Nigeria’s 37 million SMEs employ more than half of the population, but the majority of them say they need cheap funds to expand. Nigeria has slipped into technical recession, with inflation rate hitting 16.5 percent and unemployment rate edging close to 30 percent.

John Tudy Kachikwu, CEO of John Tudy Interbiz, and chairman of SME operators in the Lagos Chamber of Commerce and Industry (LCCI), said high interest rate in the country excludes SMEs from having funding access with which to stimulate an economic rebound.

Kachikwu told Start-Up Digest recently told that SMEs in the export sector are constantly frustrated by lack of incentives in the form of grant and corruption.

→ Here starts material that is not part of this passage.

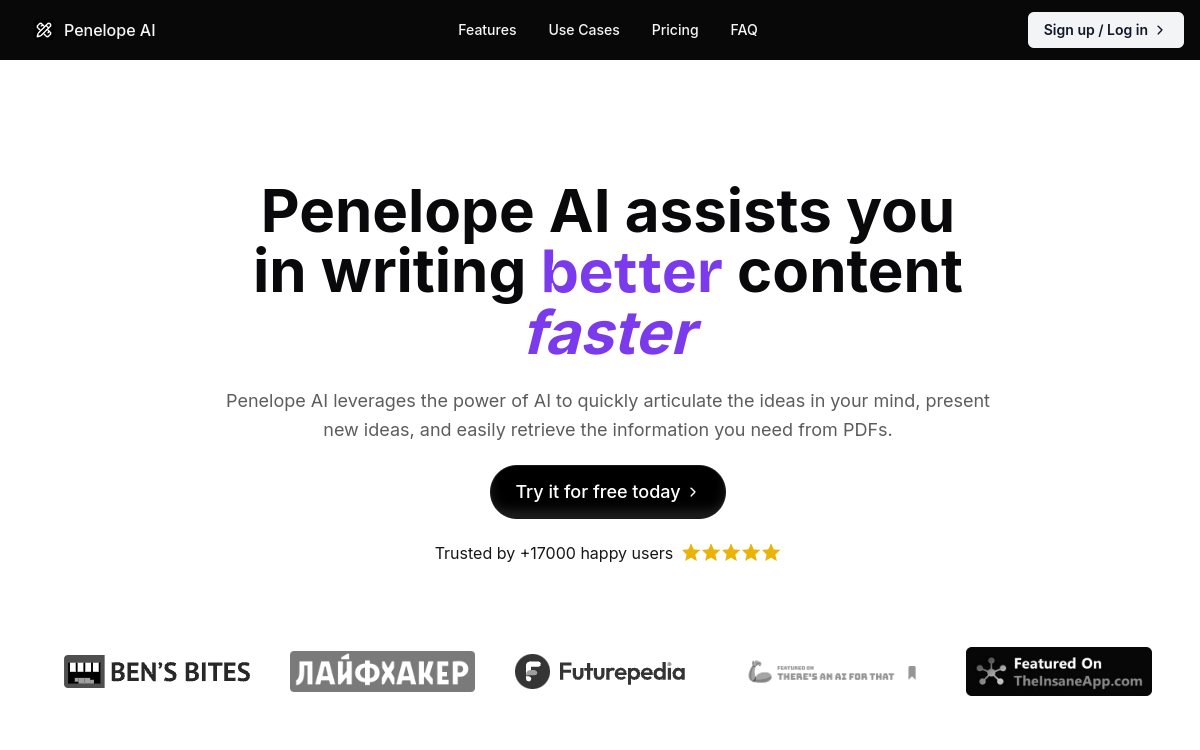 Penelope AI website screenshot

A recent report by The Economist entitled, ‘Enabling a More Productive Nigeria: Empowering SMEs’,  said that Adamu Waziri, creator of a popular Nigerian animation series, Bino and Fino, sought access to a range of dedicated grants and funding schemes for the

entertainment sector, but could not get because  decision makers did not understand the sector and tended to prefer safe investments (such as cinema chains). The CBN recently raised its monetary policy rate (MPR) from 12 to 14 percent. The MPR is a benchmark interest rate for deposit money banks in the country.

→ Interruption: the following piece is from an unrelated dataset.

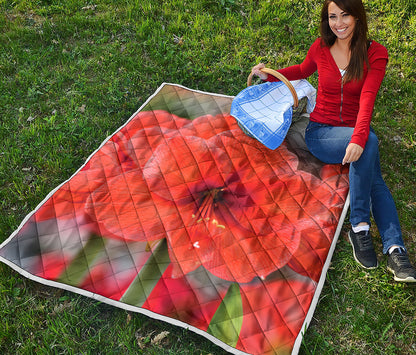 Orange Amaryllis Print Quilt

“Businesses are already exposed to FX rate, high energy cost and import duty, and weak consumer spending, among others. They could just have left it at 12 percent because the pressure is too much on businesses,” said Muda Yusuf, director-general, Lagos Chamber of Commerce and Industry (LCCI) on the phone.

Femi Egbesola, national president, Association of Small Business Owners said, high interest rate is bad for businesses.

“With the high exchange rate differentials coupled with the recent increase in interest rate, businesses are going to suffer and this would have a tremendous impact on jobs,” Egbesola said.

According to Friday Opara, director, strategic partnership, Small and Medium Enterprise Development Agency of Nigeria (SMEDAN), high interest rate implies that many SMEs will be out of business because the environment is getting tougher for them.

The BoI and the central bank have many SME funds available for on-lending. The BoI, particularly, has made efforts, amid limited available finance, to steer small businesses through six to nine percent lending rates.

“We need to understand that finance is not the biggest problem of SMEs. We have bigger issues such as capacity building, access to market, among others,” said Waheed Olagunju, acting managing director of BoI.